## Work order
Restate all data exactly. No images.

## The input
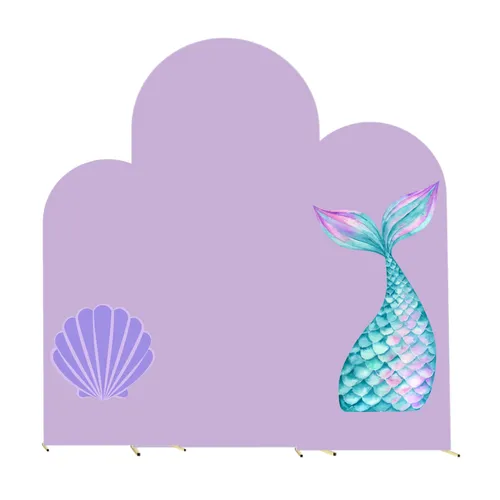 Backdrop Party Rental - Set of 3 Arch (7.2FT, 6.6FT, 6FT)  Lavender Backdrop with Mermaid Decals
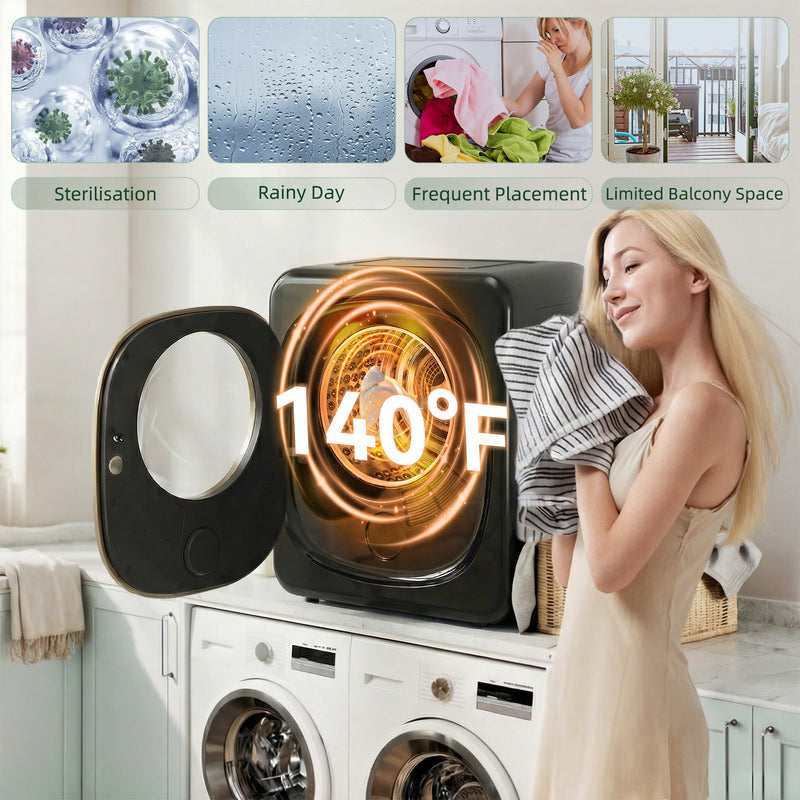 Tumble Dryer for Small Spaces 4kg Compact Laundry Dryer with Hygienic Cycle Black Gold Tone AOSOM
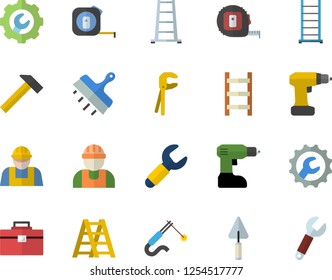 Color flat icon set builder flat vector, trowel, tool, drill screwdriver, tape measure, bag, ladder, repair, putty knife, hammer, welding, wrench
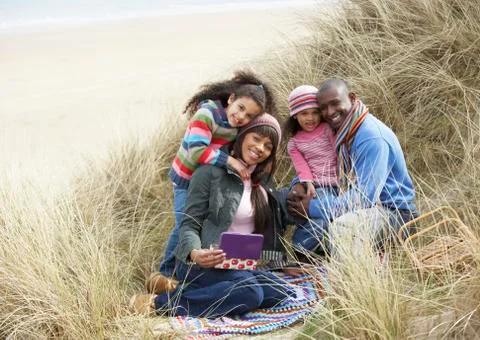 Black winter beach Stock Photos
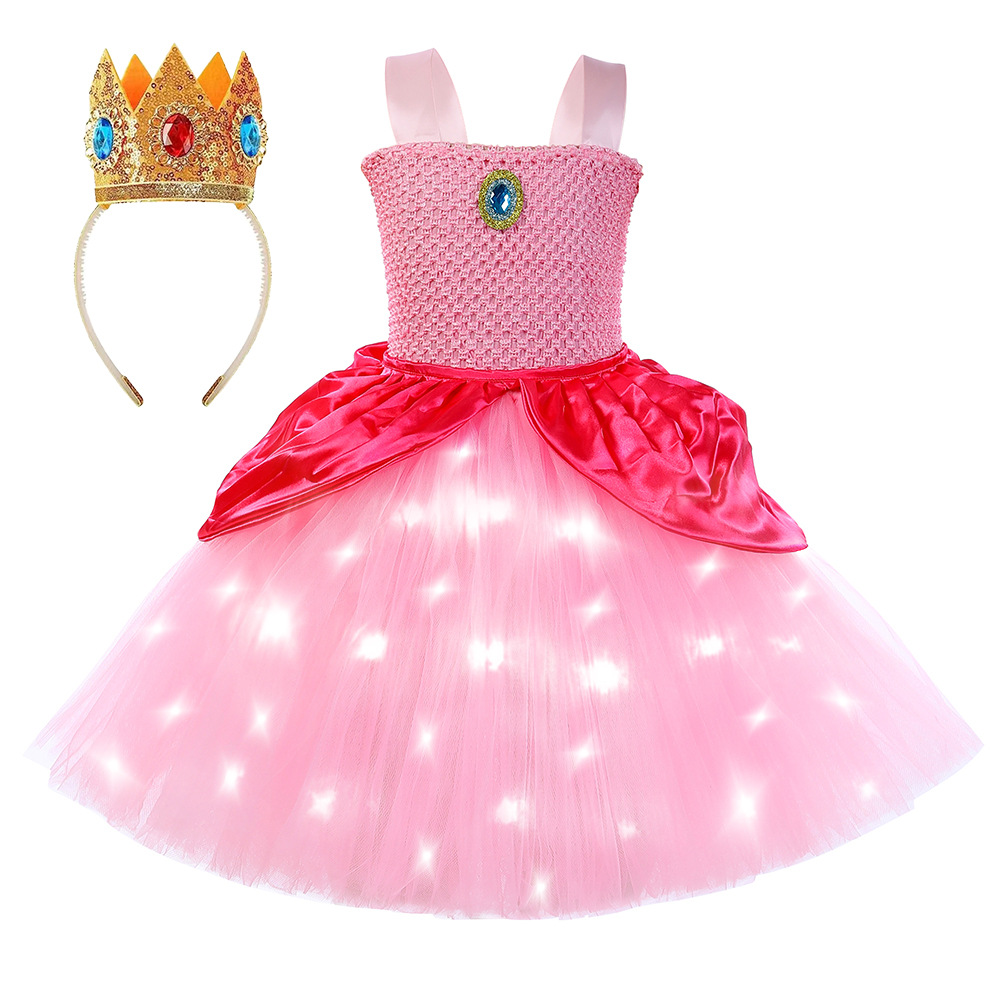Cross-border new Mario clothing peach luminous princess dress for Crown game role cosplay dress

## Solution to this task
 Backdrop Party Rental - Set of 3 Arch (7.2FT, 6.6FT, 6FT)  Lavender Backdrop with Mermaid Decals
 Tumble Dryer for Small Spaces 4kg Compact Laundry Dryer with Hygienic Cycle Black Gold Tone AOSOM
 Color flat icon set builder flat vector, trowel, tool, drill screwdriver, tape measure, bag, ladder, repair, putty knife, hammer, welding, wrench
 Black winter beach Stock Photos
Cross-border new Mario clothing peach luminous princess dress for Crown game role cosplay dress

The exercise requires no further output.